SquidGuard, My Favorite Content Filter
Introduction
squidGuard is a combined filter, redirector and access controller plugin for Squid. It is
- free (GPLv2)
- very flexible
- extremely fast *)
- easily installed
- portable
squidGuard can be used to
Neither squidGuard nor Squid can be used to
- filter/censor/edit text inside documents
- filter/censor/edit embeded scripting languages like JavaScript or VBscript inside HTML
*) 100,500 requests in 2 seconds on a AMD Athlon 3700+ with lists of 5643 domains 7442 urls 13780 total
**) squidGuard is not a porn or banner filter/blocker, but it is very well suited for these purposes too.
Capabilities
squidGuard has many powerful configuration options that lets you:
1) define different time spaces based on any reasonable combination of
- time of day (00:00-08:00 17:00-24:00)
- day of the week (sa)
- date (1999-05-13)
- date range (1999-04-01-1999-04-05)
- date wildcards (*-01-01 *-05-17 *-12-25)
2) group sources (users/clients) into distinct categories like “managers”, “employees”, “teachers”, “students”, “customers”, “guests” etc. based on any reasonable combination of
- IP address ranges with
- prefix notation (172.16.0.0/12)
- netmask notation (172.16.0.0/255.240.0.0)
- first-last notation (172.16.0.11-172.16.0.35)
- address lists (172.16.134.54 172.16.156.23 …)
- domain lists (foo.bar.com …) *)
- user id lists (weho sdgh dfhj asef …) **)
- and optionally link the group to a given time space
- positively (within business-hours)
- negatively (outside leisure-time)
3) group destinations (URLs/servers) into distinct categories like “local”, “customers”, “vendors”, “banners”, “banned” etc. based on
- an unlimited number of unlimited lists of
- domains, including subdomains (foo.bar.com)

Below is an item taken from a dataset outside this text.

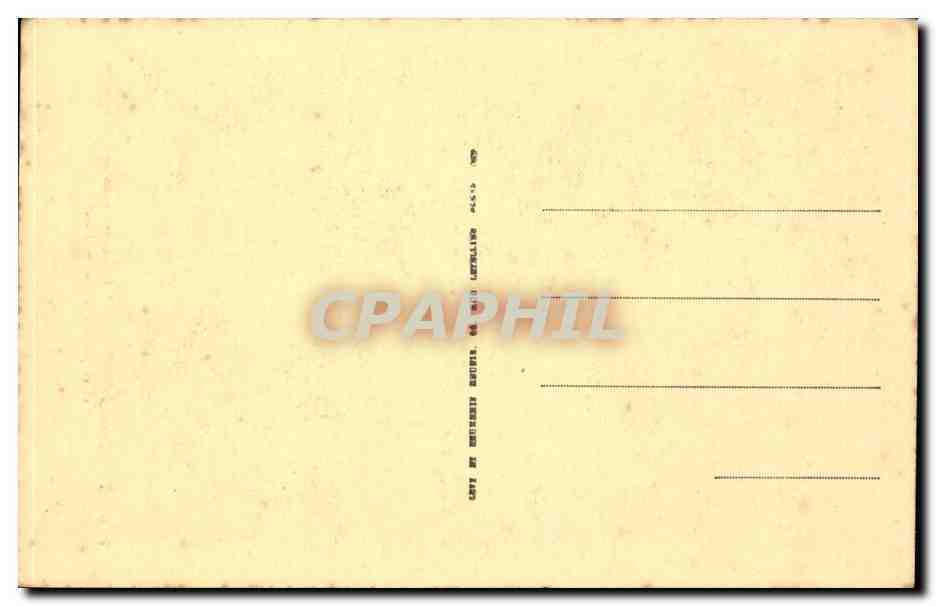 CPA Pont en Royans Vieilles maisons sur la Bourne et le pont Picard — Verso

- hosts (host.foo.bar.com)
- directory URLs, including subdirectories (foo.bar.com/some/dir)
- file URLs (foo.bar.com/somewhere/file.html)
- regular expressions ((expr1|expr2|…))
and optionally link the group to a given time space:
- positively (within business-hours)
- negatively (outside leisure-time)
4) rewrite/redirect URLs based on any reasonable combination of
string/regular expression editing à la sed with
- silent squid redirecting rewrite (s@from@to@[i])

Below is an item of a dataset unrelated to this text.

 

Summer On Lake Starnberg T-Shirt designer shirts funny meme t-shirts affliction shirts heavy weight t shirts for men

- visible client redirecting rewrite (s@from@to@[i]r) ***)
URL replacement with
- silent squid redirect to a common URL (redirect “new_url”)
- visible client redirect to a common URL (redirect “302:new_url”) ***)
activated by
- 1-1 URL redirection
- destination group match
- a fallback/default for blocked URLs
- a fallback/default for blocked/unknown clients
and optionally with
- runtime string substitution à la strftime or printf
5) define access control lists (acl) based on any reasonable combination of the definitions above by
giving each source (user/client) group
a pass list with any reasonable combination of
- acceptable destination groups (good-dests …)

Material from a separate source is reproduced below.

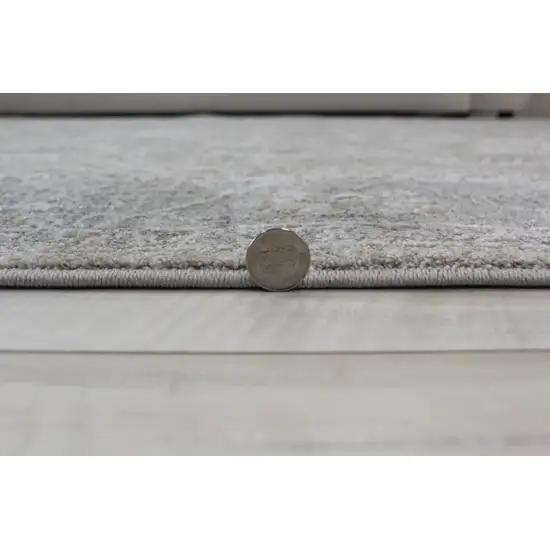 Gold Southwestern Power Loom Stain Resistant Area Rug Photo 5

- unacceptable destination groups (!bad-dests …)
- block IP address URLs (enforce the use of domain names) (!in-addr)
- wildcards/nothing (any|all|none)
optionally a common rewrite rule set for the source group
optionally a default replacement URL for blocked destinations for the source group
and optionally:
link the acl to a given time space
- positively (within business-hours)
- negatively (outside leisure-time)
defining a fallback/default ruleset
6) have selective logging by optional log statements in the: ****)
- source/client group declarations to log all translations for the group (log “file”)
- destination group declarations. Typically used to log blacklist matches. (log “file”)
- rewrite rule group declarations to log all translations for the rule set (log “file”)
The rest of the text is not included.